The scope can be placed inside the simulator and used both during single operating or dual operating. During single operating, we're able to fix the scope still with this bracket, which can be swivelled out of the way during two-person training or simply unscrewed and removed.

* * *

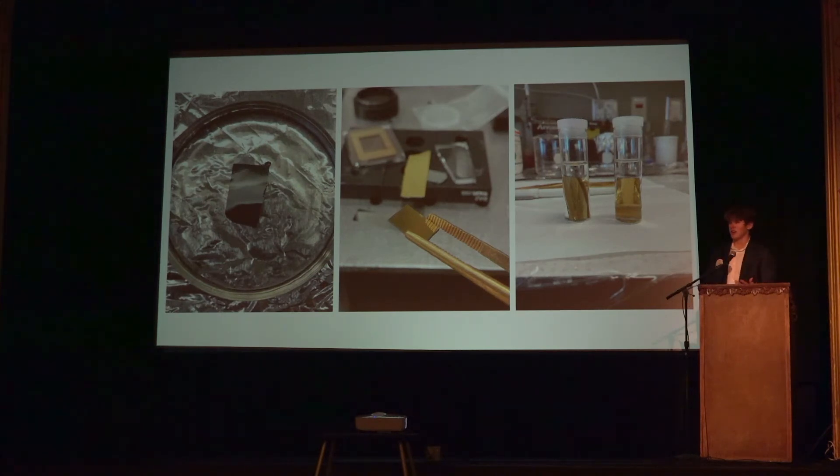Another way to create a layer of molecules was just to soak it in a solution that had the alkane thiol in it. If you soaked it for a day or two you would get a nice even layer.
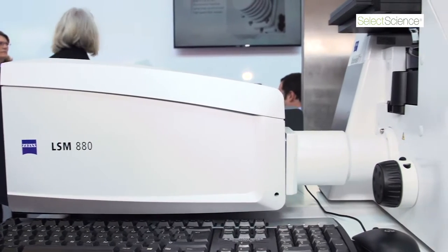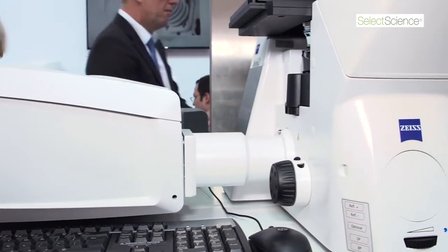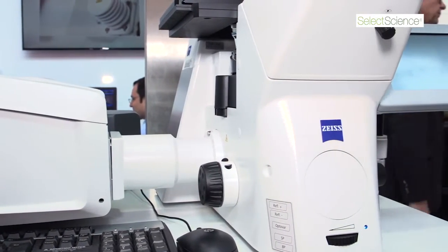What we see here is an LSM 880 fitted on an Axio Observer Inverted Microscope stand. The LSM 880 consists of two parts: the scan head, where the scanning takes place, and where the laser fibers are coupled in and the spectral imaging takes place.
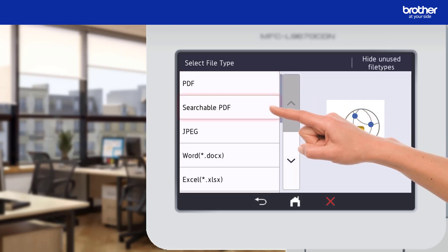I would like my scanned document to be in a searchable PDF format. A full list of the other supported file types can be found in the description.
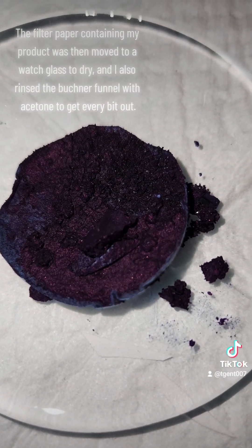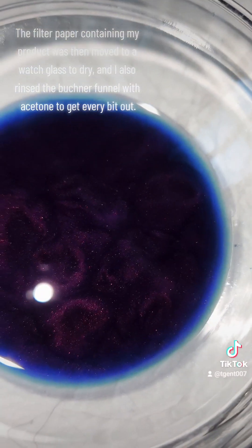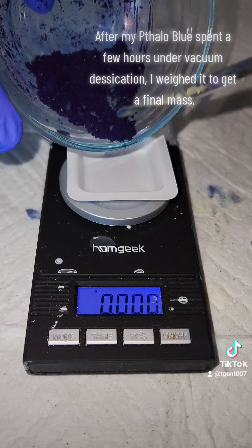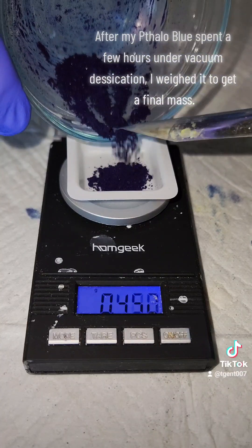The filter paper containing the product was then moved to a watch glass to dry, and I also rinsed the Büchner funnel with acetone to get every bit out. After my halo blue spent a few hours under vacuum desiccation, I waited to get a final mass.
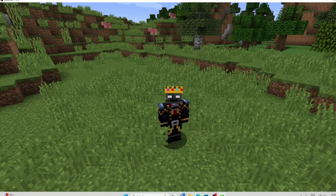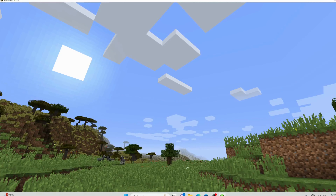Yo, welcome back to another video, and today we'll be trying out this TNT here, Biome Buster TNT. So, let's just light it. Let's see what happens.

--

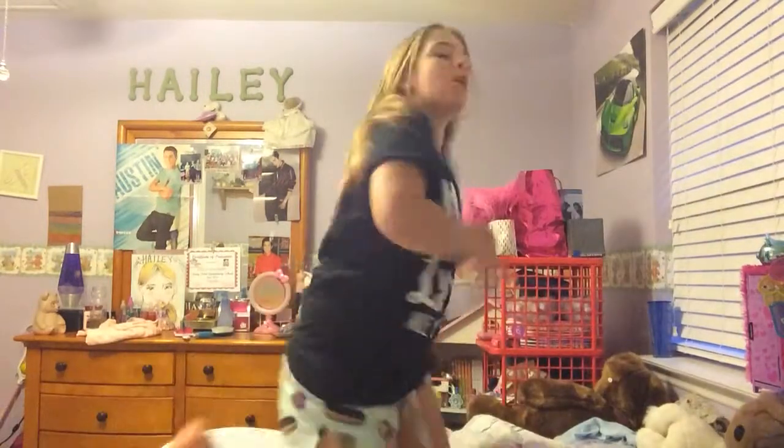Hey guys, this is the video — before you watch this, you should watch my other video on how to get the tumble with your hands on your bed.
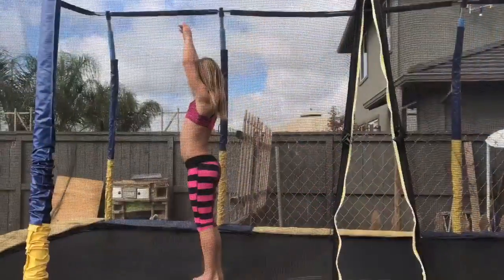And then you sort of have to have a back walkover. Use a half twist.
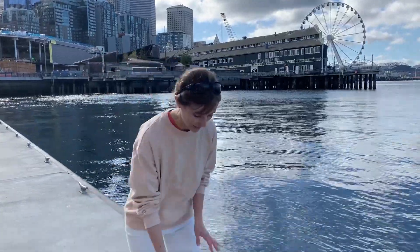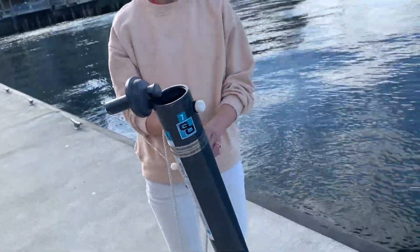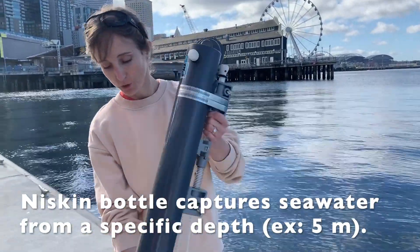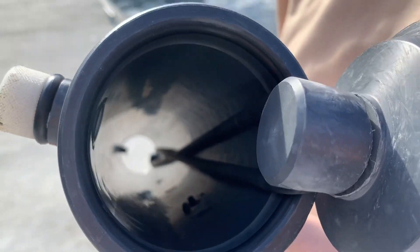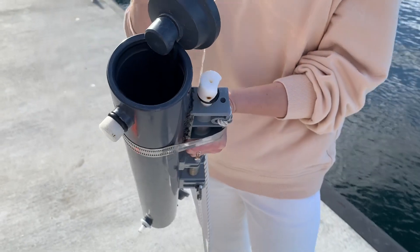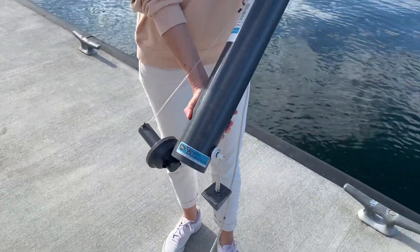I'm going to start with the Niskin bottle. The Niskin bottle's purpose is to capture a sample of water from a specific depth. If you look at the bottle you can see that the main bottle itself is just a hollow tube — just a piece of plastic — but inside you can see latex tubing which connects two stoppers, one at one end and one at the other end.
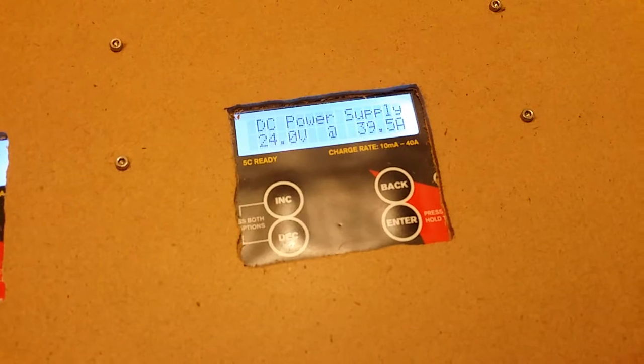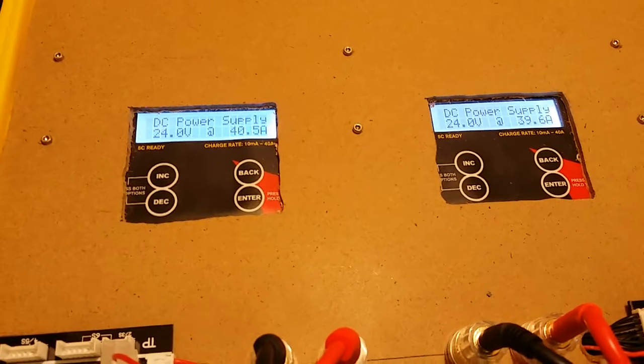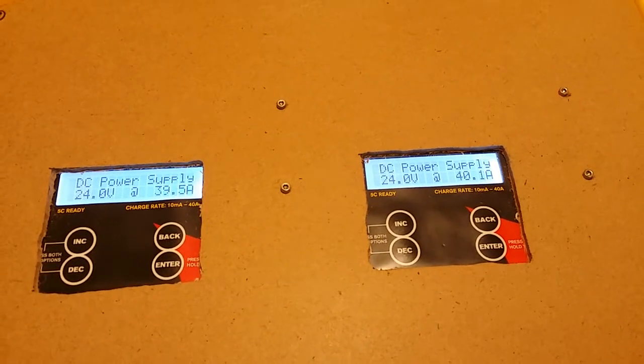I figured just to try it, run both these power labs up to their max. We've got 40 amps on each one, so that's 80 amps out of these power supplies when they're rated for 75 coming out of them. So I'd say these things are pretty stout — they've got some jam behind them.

* **WHAT THE TASK REQUIRES**: Range to copy from the records above: the line containing "And then you" to the line containing "I figured just", both included. Output those lines exactly and only those, skipping pictures.

* **OUTPUT FOR THIS TASK**:
And then you sort of have to have a back walkover. Use a half twist.
I'm going to start with the Niskin bottle. The Niskin bottle's purpose is to capture a sample of water from a specific depth. If you look at the bottle you can see that the main bottle itself is just a hollow tube — just a piece of plastic — but inside you can see latex tubing which connects two stoppers, one at one end and one at the other end.
I figured just to try it, run both these power labs up to their max. We've got 40 amps on each one, so that's 80 amps out of these power supplies when they're rated for 75 coming out of them. So I'd say these things are pretty stout — they've got some jam behind them.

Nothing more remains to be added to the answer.